The present disclosure also introduces a method of transitioning from a rotary drilling operation to a slide drilling operation on a drilling rig, comprising: rotary drilling a borehole in a subterranean formation by rotating a bottom hole assembly (BHA) on a drill string driven by a top drive; determining a trapped torque in a drill string; while maintaining weight on bit at the BHA, rotating the drill string in reverse to remove the trapped torque; and performing a slide drilling process without relieving the weight on bit.

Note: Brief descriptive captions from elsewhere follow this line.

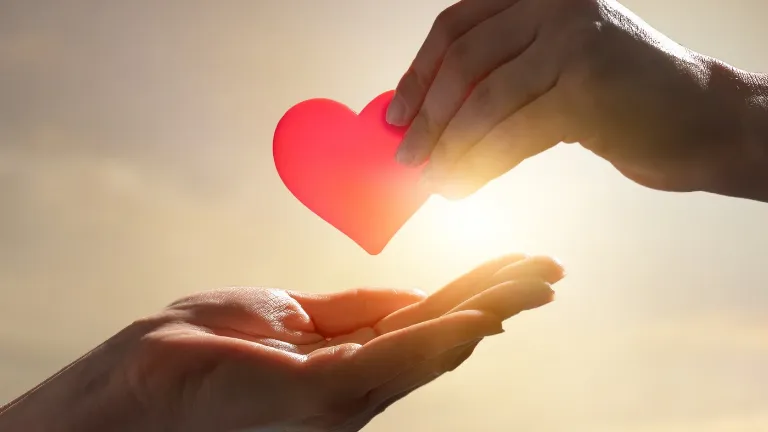 Tu me amas: uma expressão de carinho e generosidade, com uma mão oferecendo um coração à outra, iluminadas pela luz do amor.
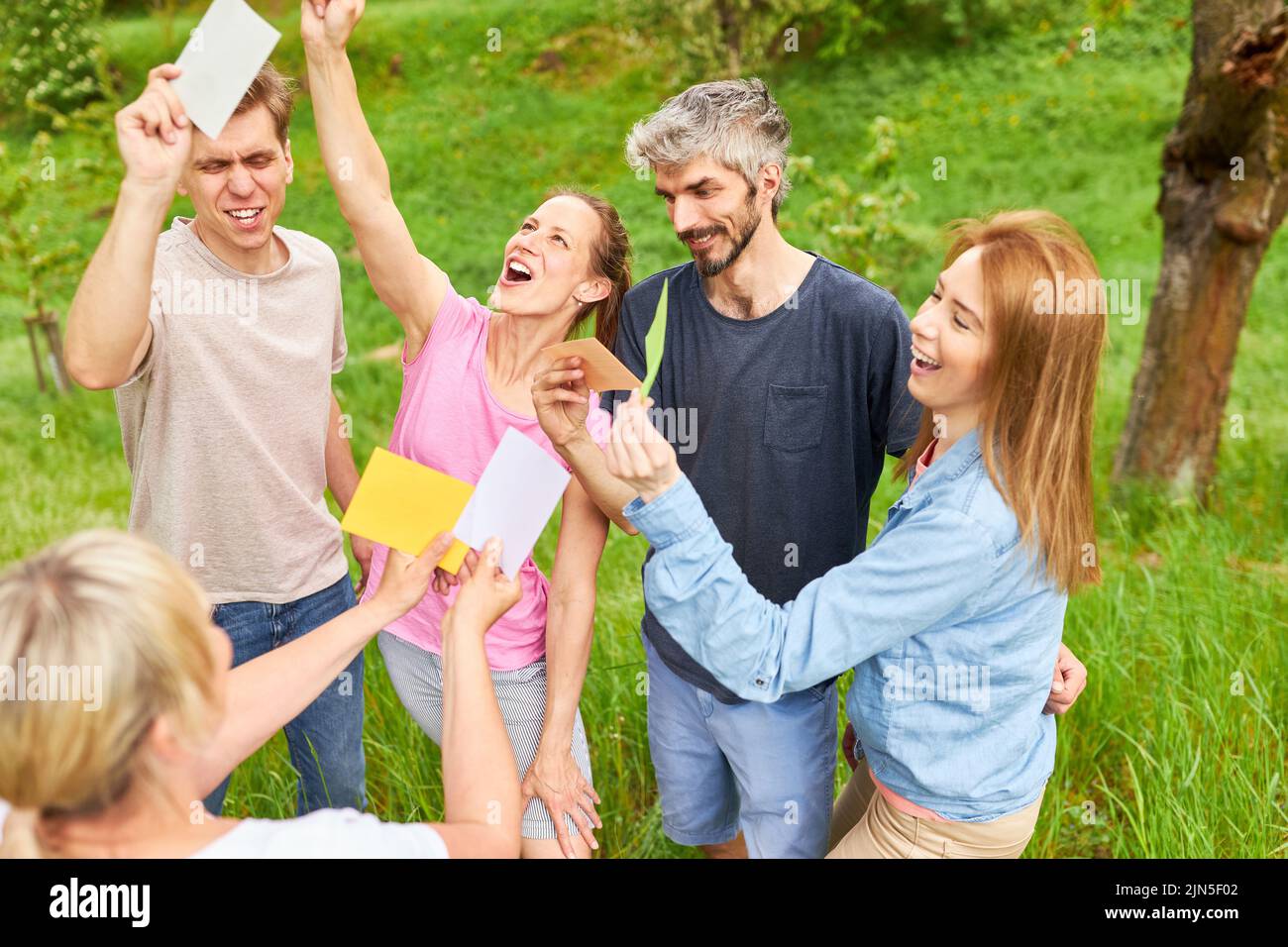 Group of people having fun in creative introductory game in team building workshop Stock Photo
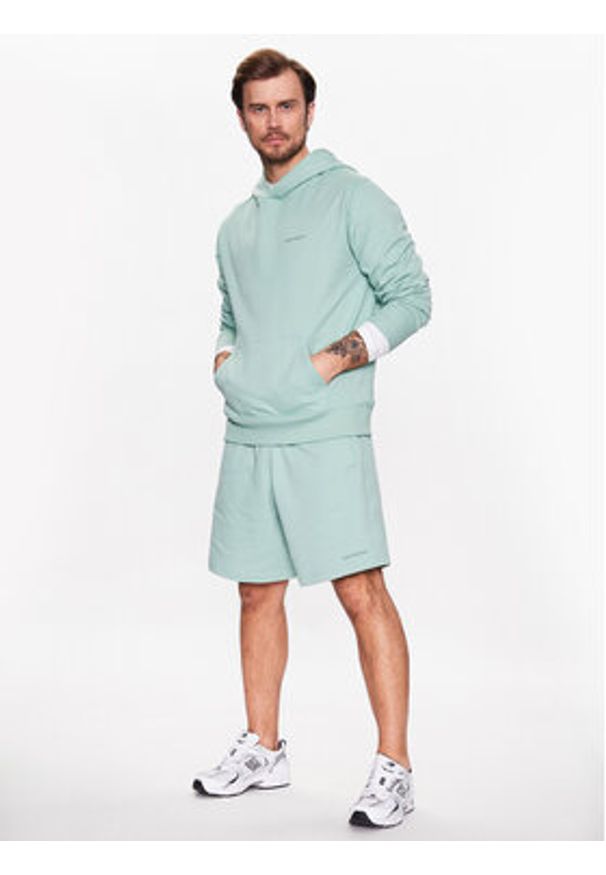 New Balance Szorty sportowe Athletics MS23550 Zielony Relaxed Fit. Kolor: zielony. Materiał: bawełna. Styl: sportowy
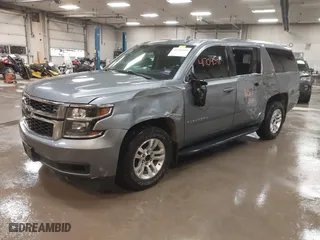2019 Chevrolet Suburban LT with VIN 1GNSKHKC3KR195042, listed as a IAAI auction lot 41704591 with 107,166 mi miles. Bid and sale history available at carsss.com. Image 2.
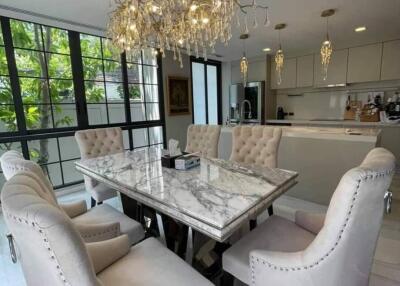 Elegant dining area with marble table and chandelier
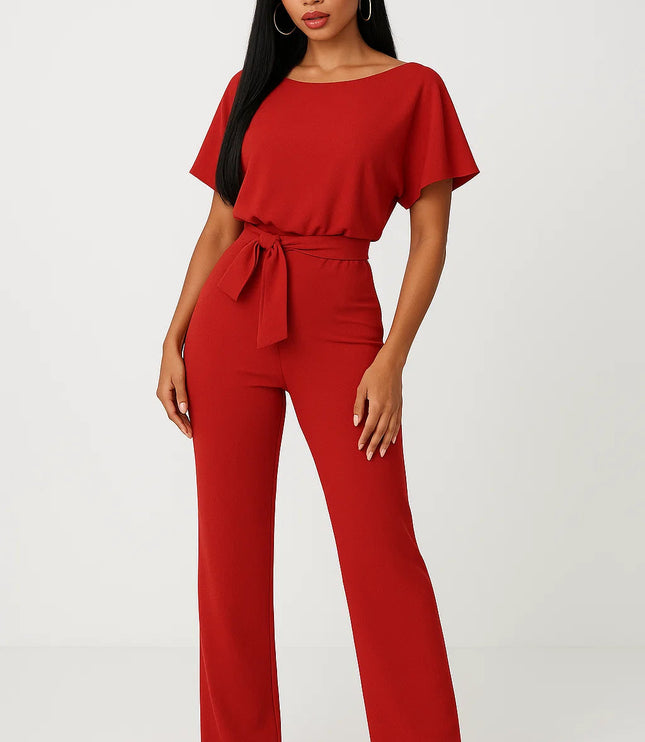 Red wide leg jumpsuit with short sleeves, tie waist belt, and flowing leg shape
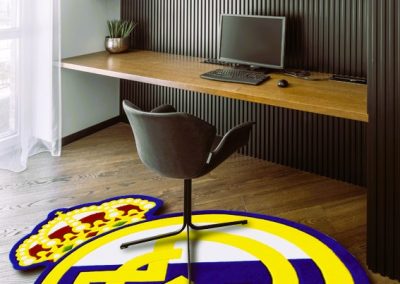 Real Madrid rug displayed in a fan’s room interior - luxury decor for true supporters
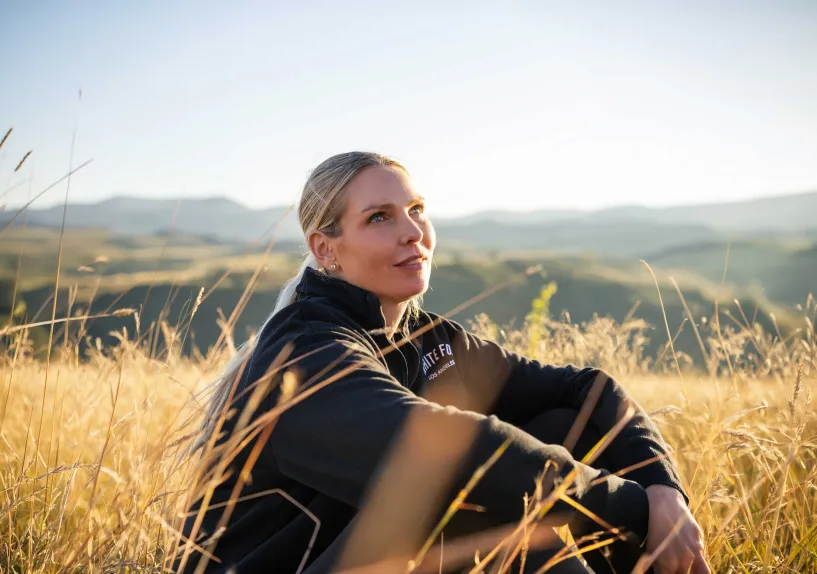 Close-up of a person sitting in tall grass on a hillside, looking upward towards the sky.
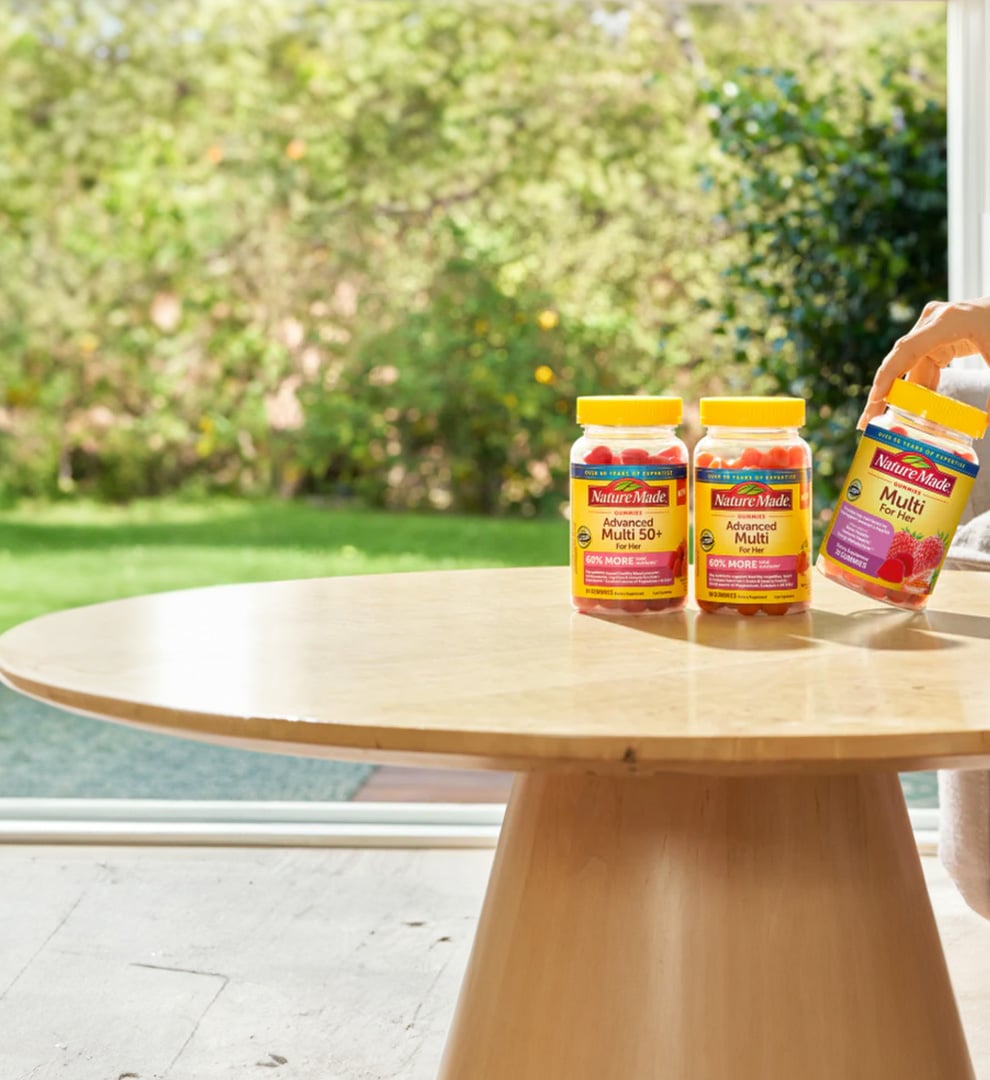 Nature Made multivitamin supplements arranged on a wooden table in a bright, sunlit home setting.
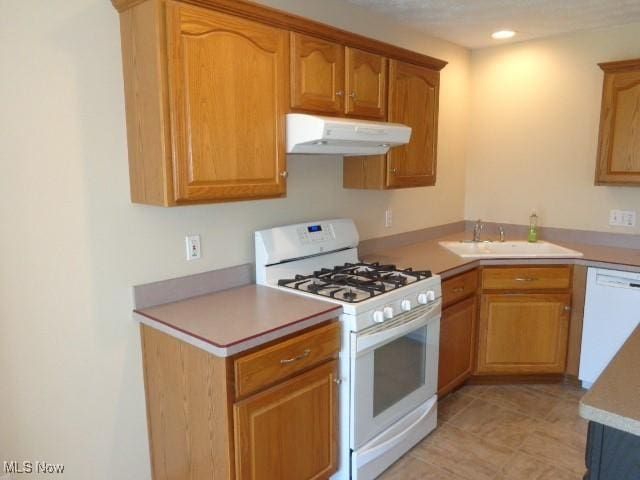 kitchen with a sink, white appliances, light countertops, light tile patterned floors, and under cabinet range hood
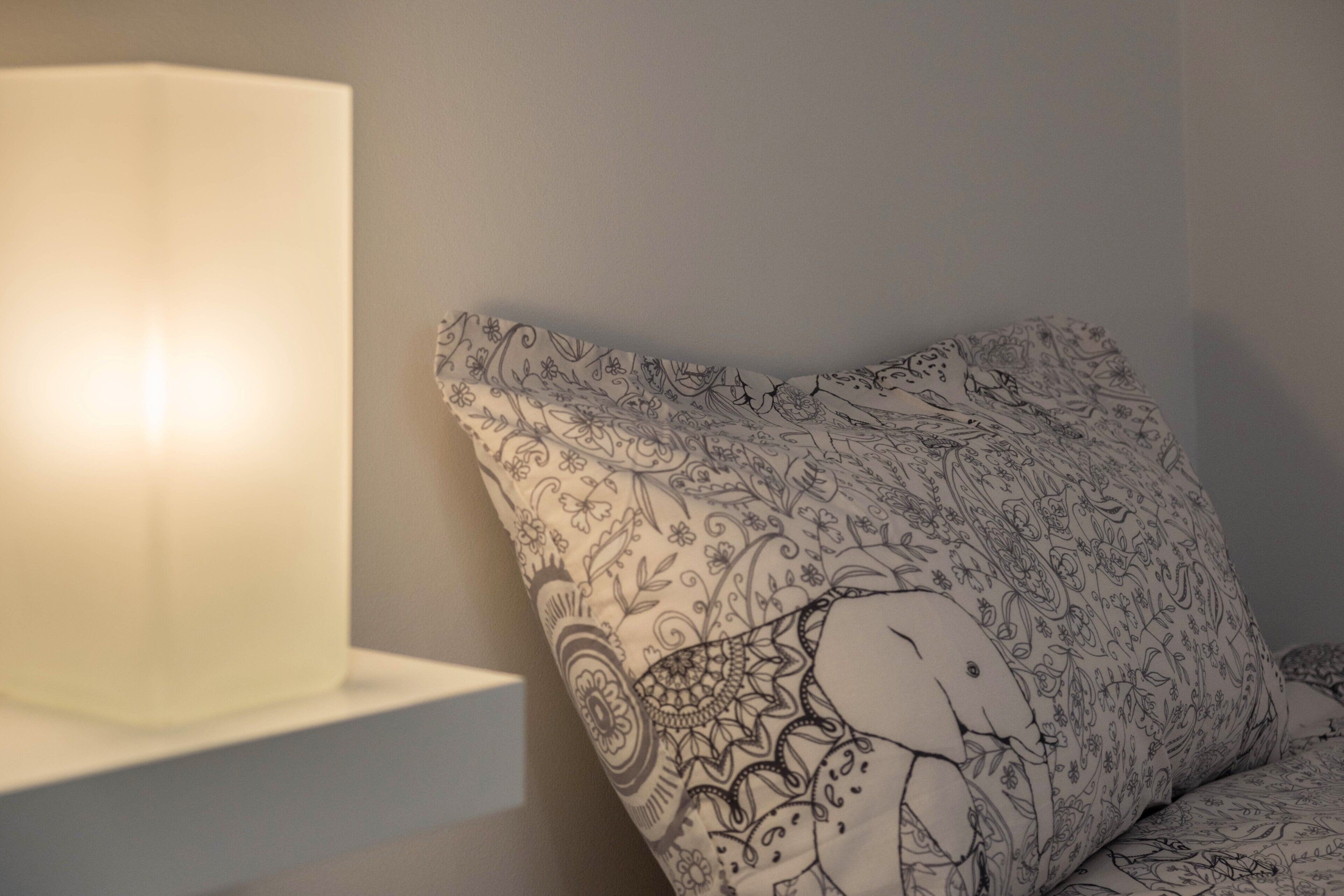 A bed with a patterned pillow and a bedside lamp.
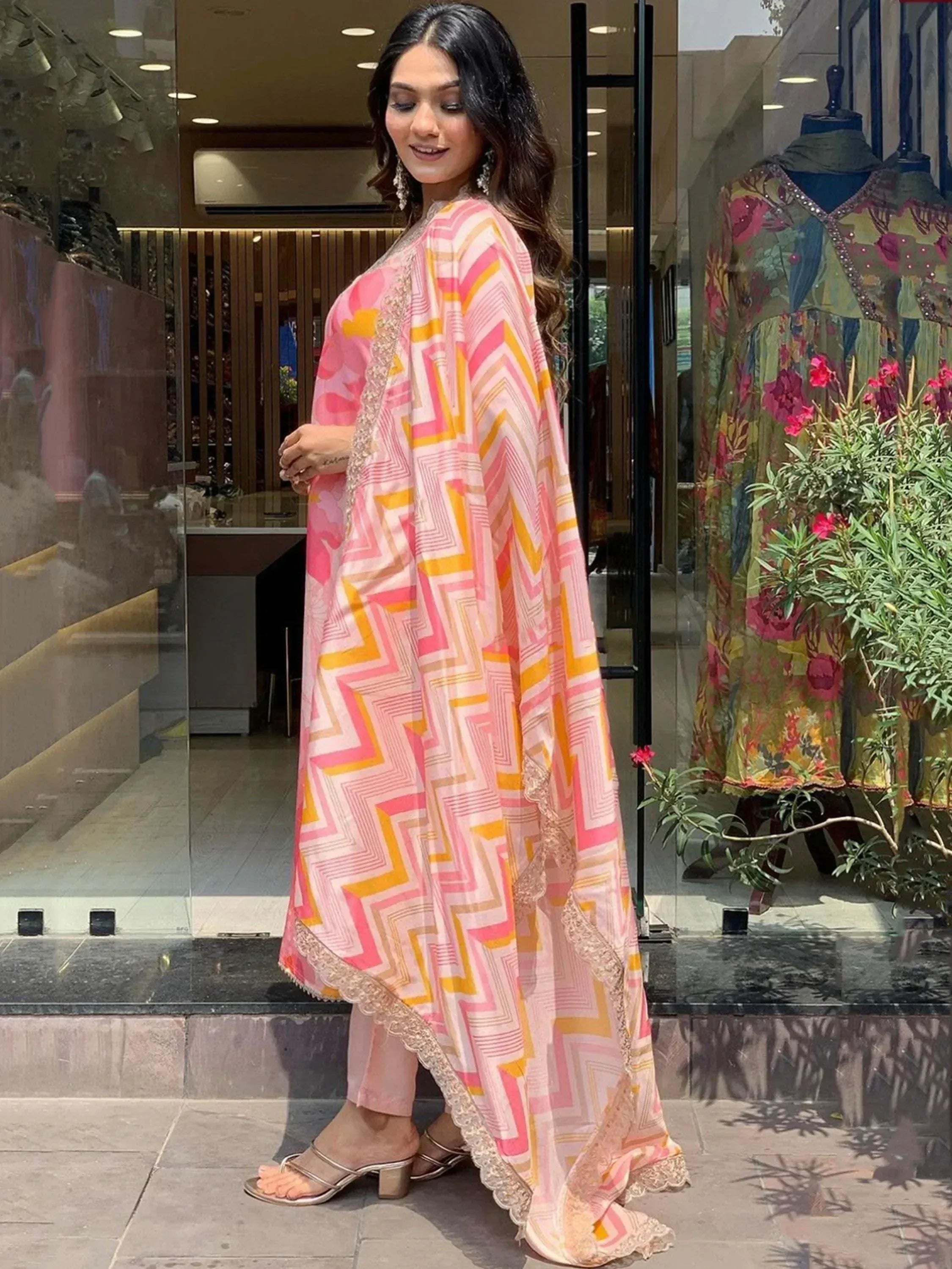 Woman in pink and yellow geometric print ethnic gown with lace trim, perfect for festive occasions.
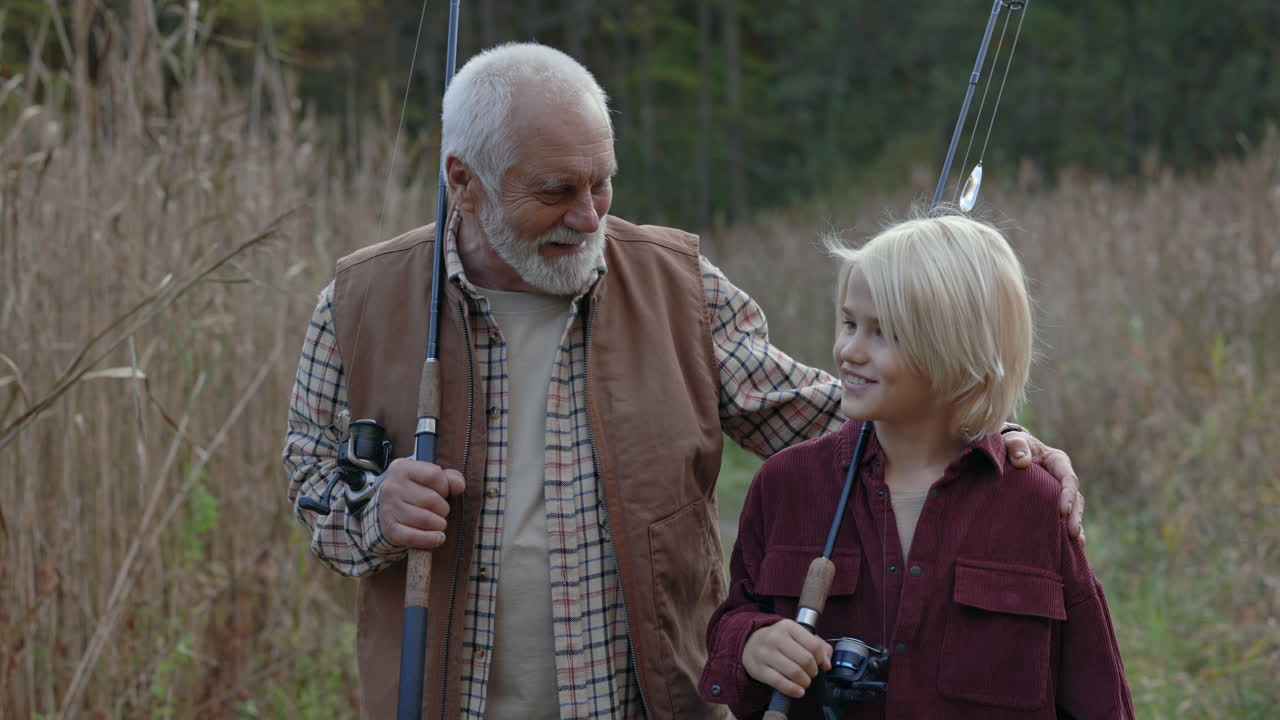 Grandfather and grandson bond during a fishing trip in nature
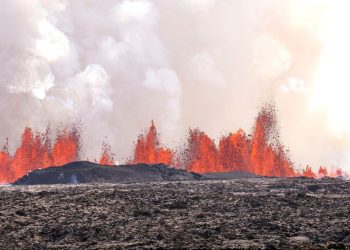 Iceland volcano dramatically erupts again as streams of lava reach town’s defensive walls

In some aspects, determining the trapped torque comprises determining applied torque during a startup process. In some aspects, the method may include detecting applied torque while rotating the drill string in reverse. In some aspects, the method may include comparing the detected applied torque to the determined trapped torque. In some aspects, the method may include stopping reverse rotation when the detected applied torque is equal to the determined trapped torque. In some aspects, determining the trapped torque comprises determining angular rotation during a startup process. In some aspects, the startup process includes a time period where the applied torque is zero to when the torque approaches a steady state. In some aspects, the method may include using an integral of an area under a curve to calculate the trapped torque as a function of angular rotation.
The foregoing outlines features of several implementations so that a person of ordinary skill in the art may better understand the aspects of the present disclosure. Such features may be replaced by any one of numerous equivalent alternatives, only some of which are disclosed herein. One of ordinary skill in the art should appreciate that they may readily use the present disclosure as a basis for designing or modifying other processes and structures for carrying out the same purposes and/or achieving the same advantages of the implementations introduced herein. One of ordinary skill in the art should also realize that such equivalent constructions do not depart from the spirit and scope of the present disclosure, and that they may make various changes, substitutions and alterations herein without departing from the spirit and scope of the present disclosure.
The Abstract at the end of this disclosure is provided to comply with 37 C.F.R. § 1.72(b) to allow the reader to quickly ascertain the nature of the technical disclosure. It is submitted with the understanding that it will not be used to interpret or limit the scope or meaning of the claims.
Moreover, it is the express intention of the applicant not to invoke 35 U.S.C. § 112(f) for any limitations of any of the claims herein, except for those in which the claim expressly uses the word “means” together with an associated function.